Source data section start
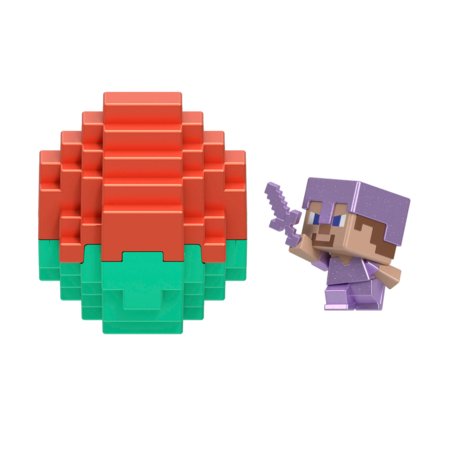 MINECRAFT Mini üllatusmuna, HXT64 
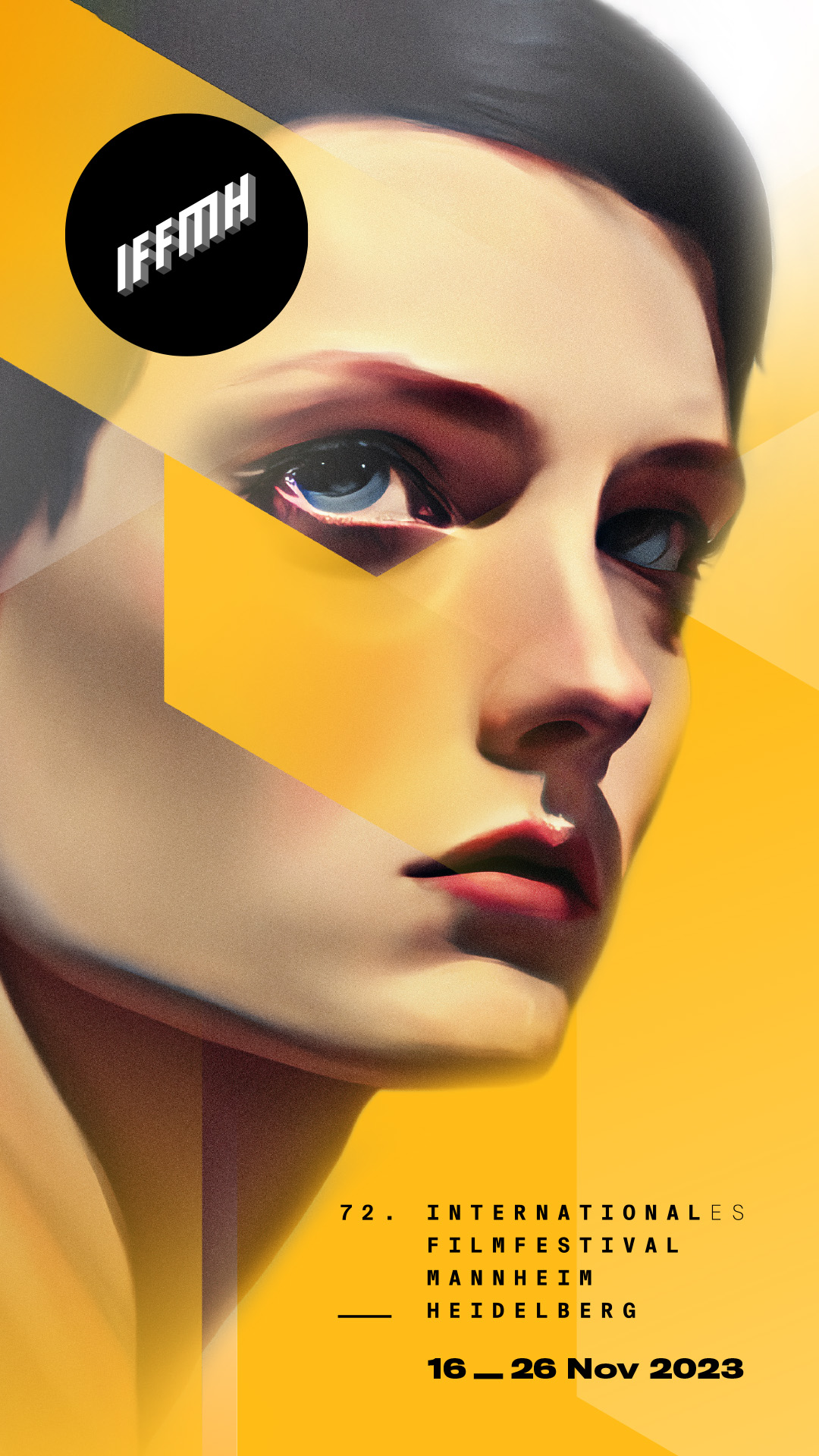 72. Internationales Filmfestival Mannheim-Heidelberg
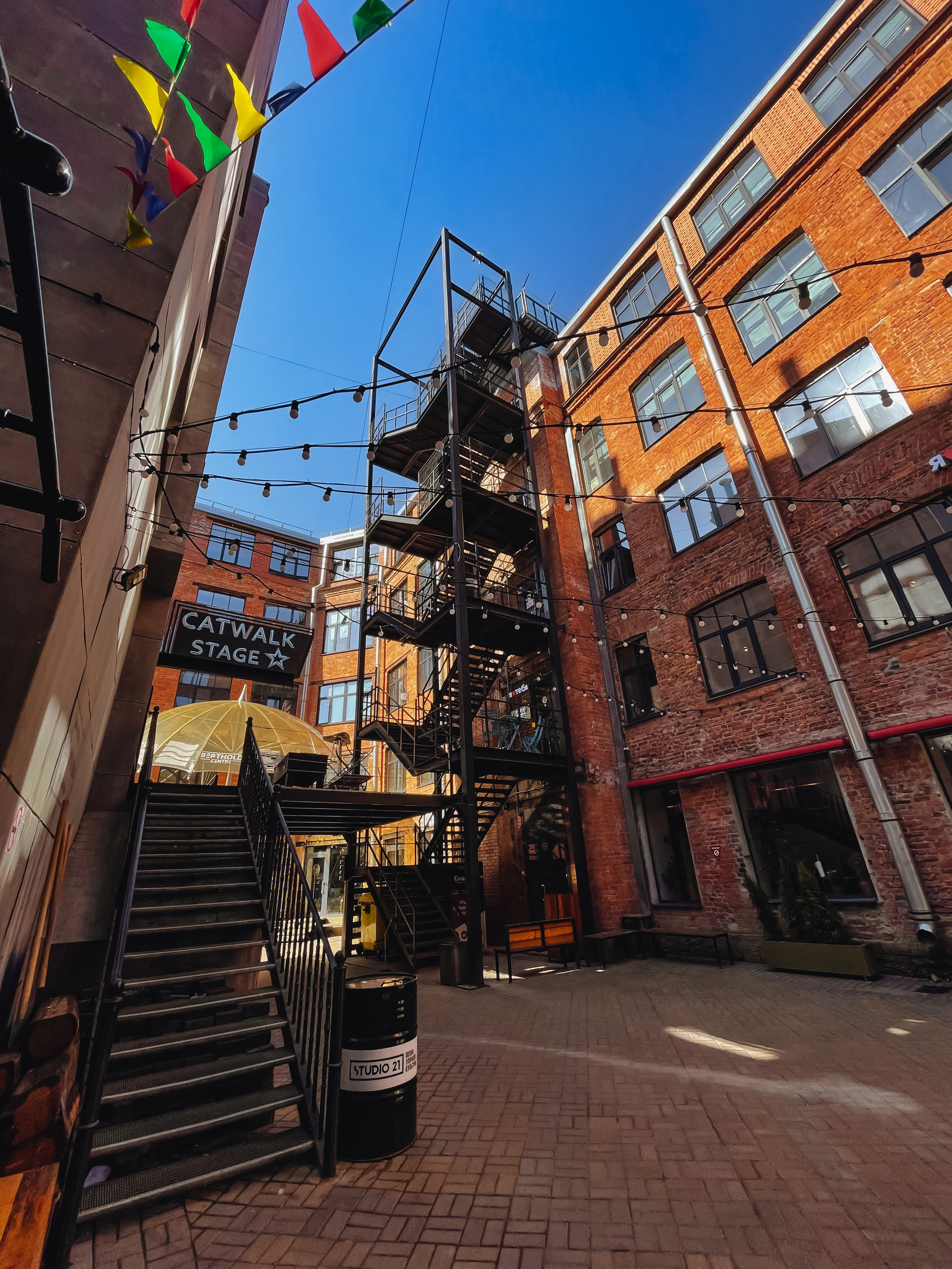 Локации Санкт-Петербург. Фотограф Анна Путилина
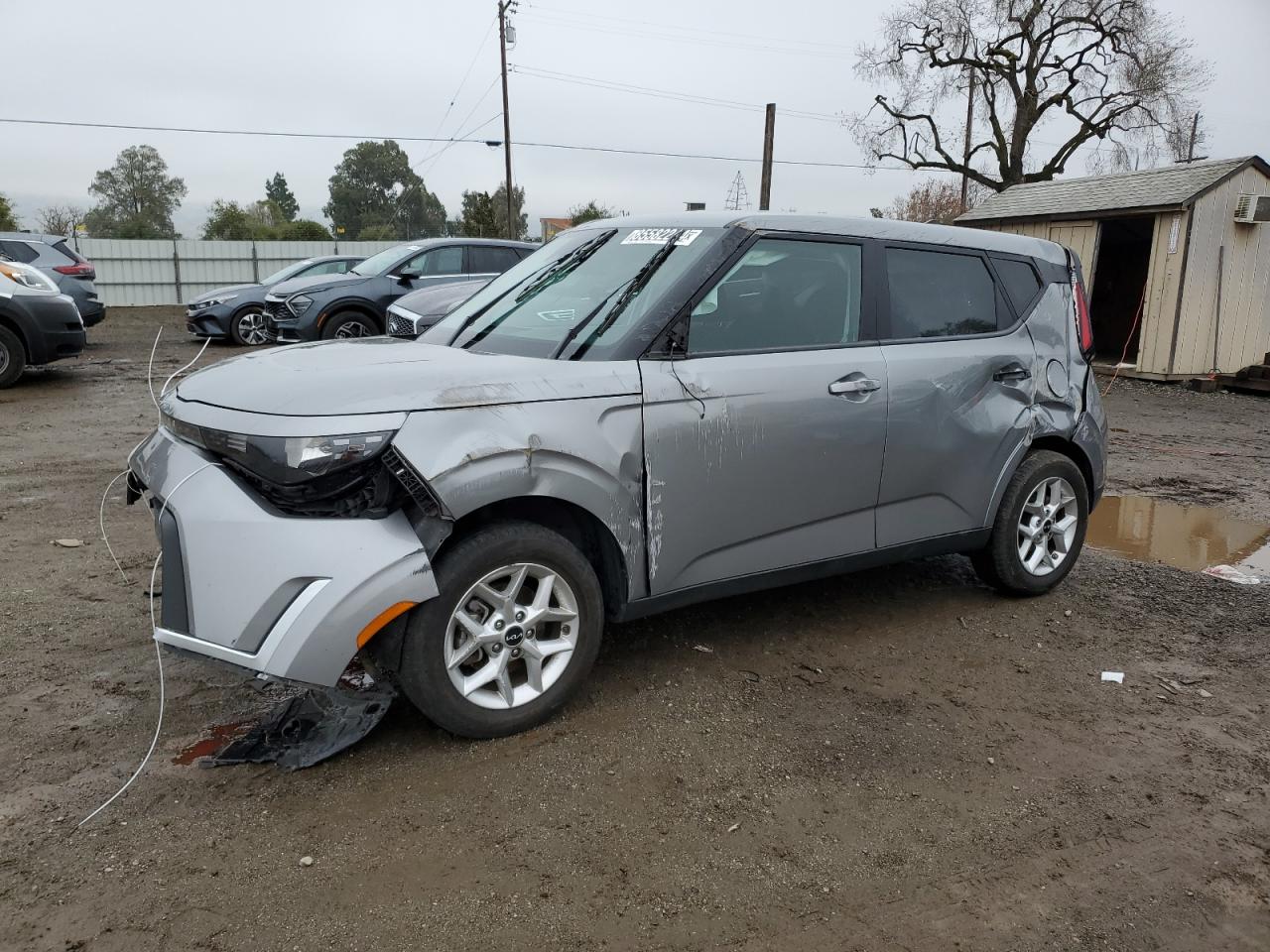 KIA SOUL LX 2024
Source data section end
# The problem:
Output all data exactly, omitting images.

# Result for this exercise:
 MINECRAFT Mini üllatusmuna, HXT64 
 72. Internationales Filmfestival Mannheim-Heidelberg
 Локации Санкт-Петербург. Фотограф Анна Путилина
 KIA SOUL LX 2024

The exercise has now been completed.